Re-inventing the wheel , or: back to the future

Berlin, Germany’s capital, currently runs a pilot project with a fleet of 25 e-buses. This is something we could classify as innovative behavior, since an innovation is a novel and useful idea, project or practice that is new to the organization adopting it, regardless of prior adaption in peer units. Good.

Berlin’s pilot project received bad media coverage, however. Not so good. Low operating distance, about 150 kilometres, issues with drive and control  technology were among the main teething troubles. But, hey, these are teething troubles. Sandford Borins in his 2000 PAR article on innovation in the US civil service posited that

„the media’s interest in exposing public sector failings […] is yet another impediment to innovation“ (p. 500).

Borins, S. (2000). Loose Cannons and Rule Breakers, or Enterprising Leaders? Some Evidence About Innovative Public Managers. Public Administration Review, 60(6), 498-507.

The story about Berlin’s fleet nicely supports this notion. But the point I want to make is another one: namely that all the effort now being put into e-buses partly are reinventing the wheel. Why?

Moscow, Russia’s capital, and several other cities in Russia and Eastern Europe still use an alternative technique, was was once disposed as outdated – trolley coaches.

Trolley coaches maintain a continuous supply of energy from power supply lines that are installed throughout major routes in Moscow.

Governments pushing newly constructed autonomous e-buses, keeping energy stored with the vehicle, to reduce carbon dioxide emission are re-inventing the wheel!
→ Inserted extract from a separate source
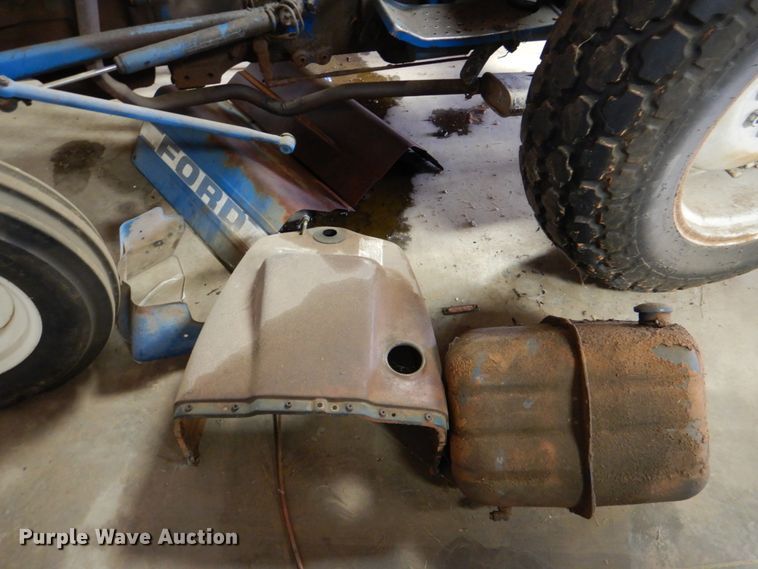 image for item IR9125 Ford 2910  tractor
Though innovative behavior is a good thing, re-inventing something that has been in operation long enough to show results is inefficient.

True, several of the trolley-buses in Moscow were in a rather, say, retro shape. Frequent stops are annoying at time, but I am fan of the metro anyway, and in case you do not have a metro station down the street you will be happy about a serving bus line. But over the course of the last year, with the FIFA championship approaching, Moscow bought a significant amount of brand new trolley bus vehicles. So the technology has been developing over the last decades, because seemingly there are business companies and construction facilities that are producing these new vehicles.

Visitors of Moscow thus will be able to travel back to the future! My point here is that some technologies, that are no labeled as innovative, have been in operation long ago. The general message is that innovative behavior closely connects to organizational learning. Learning from peer abroad may spur innovation at some lower costs –  and less bad media coverage.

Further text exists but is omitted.